I didn't quite follow this, Warren. What are you saying is almost tight? Just to be clear, the puzzle I'm passing along is: Come up with a way of assigning a subset of wine bottles to each rat, such that by observing which rats die you can produce a set of wine bottles known to be safe, where the set of safe bottles is as large as possible (either expected-value or worst-case size). I don't think most of your message was about this problem -- you gave a way to get 800 non-poisoned bottles, but certainly it is possible to do much better than that. --Michael On Thu, Nov 15, 2012 at 7:50 PM, Warren Smith <warren.wds@gmail.com> wrote:
From: Michael Kleber <michael.kleber@gmail.com> You have 1000 bottles of wine, which you need for a party that starts in an hour. Two of the bottles are poisoned. You have ten rats, and you can cause each rat to drink from any subset of the bottles, which will cause it to die if the bottle is poisoned. But the poison takes most of an hour to act, so you only get one round of giving wine to rats, after which you must throw away any bottle which you do not know is safe. What do you do? I'd be happy to hear either worst-case or average-case results. Obviously if only one bottle were poisoned, you'd number the bottles and assign one rat to each bit of the binary representation, and the dead rats would spell out the binary of the unique poisoned bottle number. But two poisoned bottles seems to make this much more subtle.
--Interesting puzzle.
Let W be the number of wine bottles, P the number poisoned, 1<=P<=W, and R the number of rats. The task is to identify the poisoned wine bottles with a single round of feeding each rat a wine-mixture from a selected bottle-subset. Say rat j gets fed subset Sj.

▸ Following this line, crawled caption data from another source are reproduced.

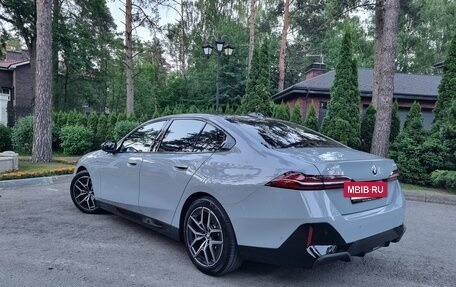 BMW 5 серия, 2025 год, 8 500 000 рублей, 6 фотография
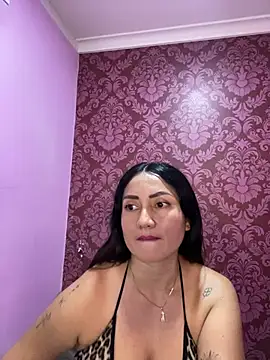 juliana diaz online show from April 24, 2026, 11:18 pm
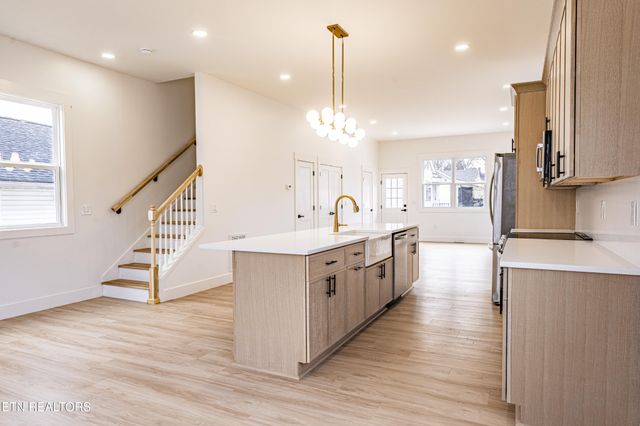 2823 Johnston St, Knoxville, TN 37921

Consider this WxR boolean matrix M: M_ij = 1 if wine bottle i is in set Sj. Otherwise M_ij=0.
The essential property demanded (for a worst-case result allowing us to identify the P poisoned bottles) is that for any P-element subset of the rows of the matrix, its logical-OR (as an R-bit binary word) is DISTINCT from that arising from any other P-element subset. (This logical OR's locations for its 1-bits give the names of the dead rats.)
So evidently for a solution to exist we need that binomial(W, P) <= 2^R.
It was proposed that W=1000, P=2. Hence the left hand side is 499500=1000*999/2. Hence a solution cannot exist unless there are at least 19 rats, R>=19.
Since Kleber had R=10, we conclude there is no solution guaranteed to identify the two poisoned bottles.
We can however adopt the weaker goal of trying to identify some subset of bottles we can guarantee are safe. In that case, just partition the bottles into R equal-size subsets each with W/R bottles. Then P rats die whereupon we've identified (R-P)*W/R safe wine bottles. With R=10, P=2, W=1000, we identify 800 safe ones this way.
Returning to the original problem of identifying the poisoned bottles, Kleber's binary method shows the inequality I gave is tight (up to integer roundoff) if P=1. But what if P>=2?
I will now attempt to sketch an argument that my trivial inequality is not too far off being tight, for any FIXED P.
To prove this, consider selecting the matrix M at random, each bit chosen by an i.i.d. coin toss, where the coin used is biased with a particular well-chosen constant bias. Specifically, I choose the bias in such a way that the expected number of 1-bits in the R-vector got by ORing P rows of the matrix, comes out to be R/2.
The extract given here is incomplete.